┌──

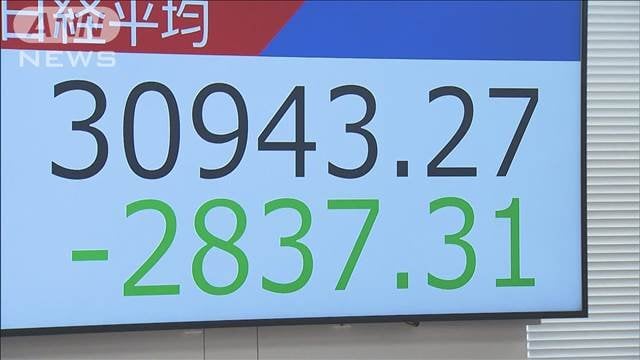 【速報】日経平均 午後も2000円超安 加藤大臣「冷静な判断を」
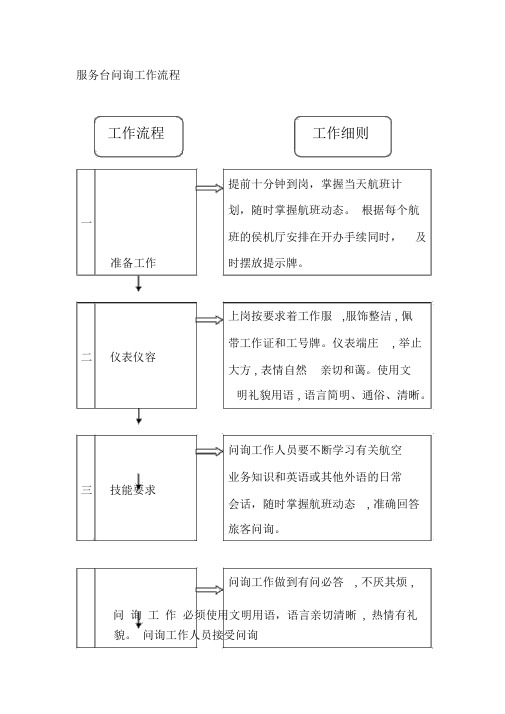 服务台问询工作流程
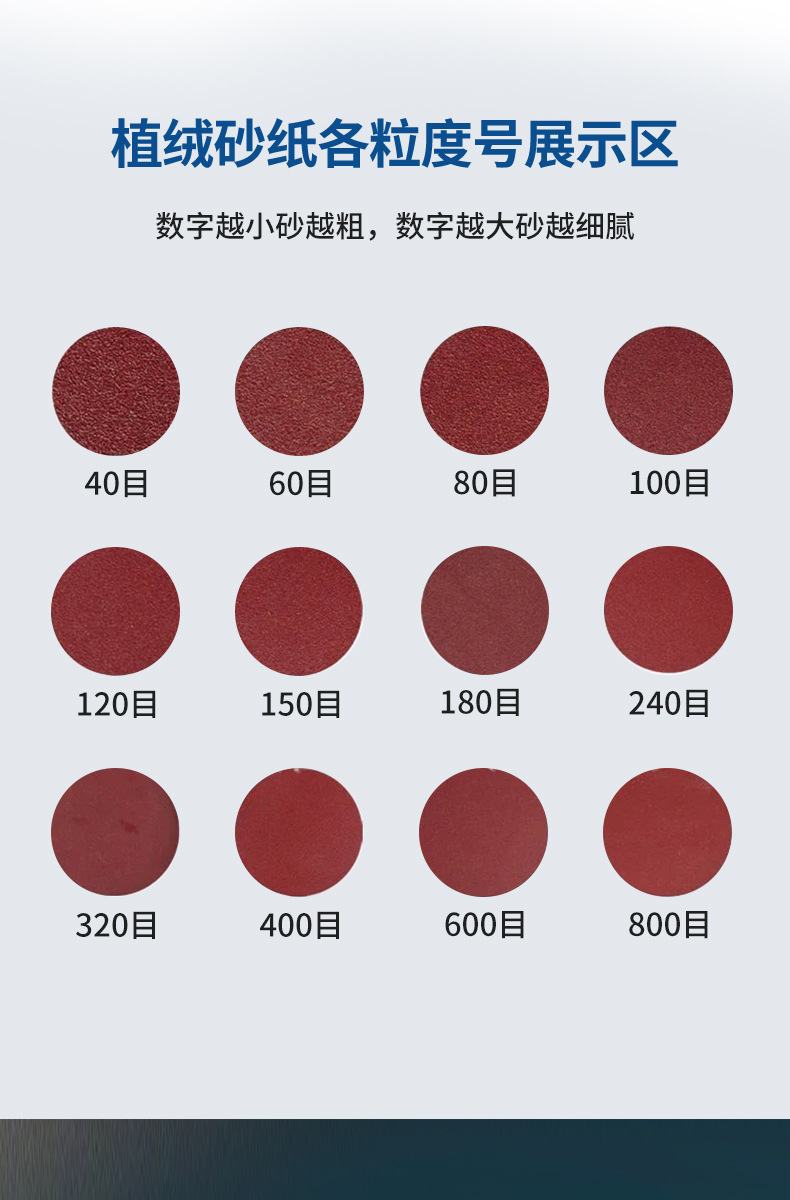 犀利植绒砂纸抛光超细打磨沙纸木工汽车漆面圆形角磨机自贴砂纸片详情4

└──

- _What the task asks_
Repeat the listing in full and to the letter, excluding every image.

- _Solution_
 【速報】日経平均 午後も2000円超安 加藤大臣「冷静な判断を」
 服务台问询工作流程
 犀利植绒砂纸抛光超细打磨沙纸木工汽车漆面圆形角磨机自贴砂纸片详情4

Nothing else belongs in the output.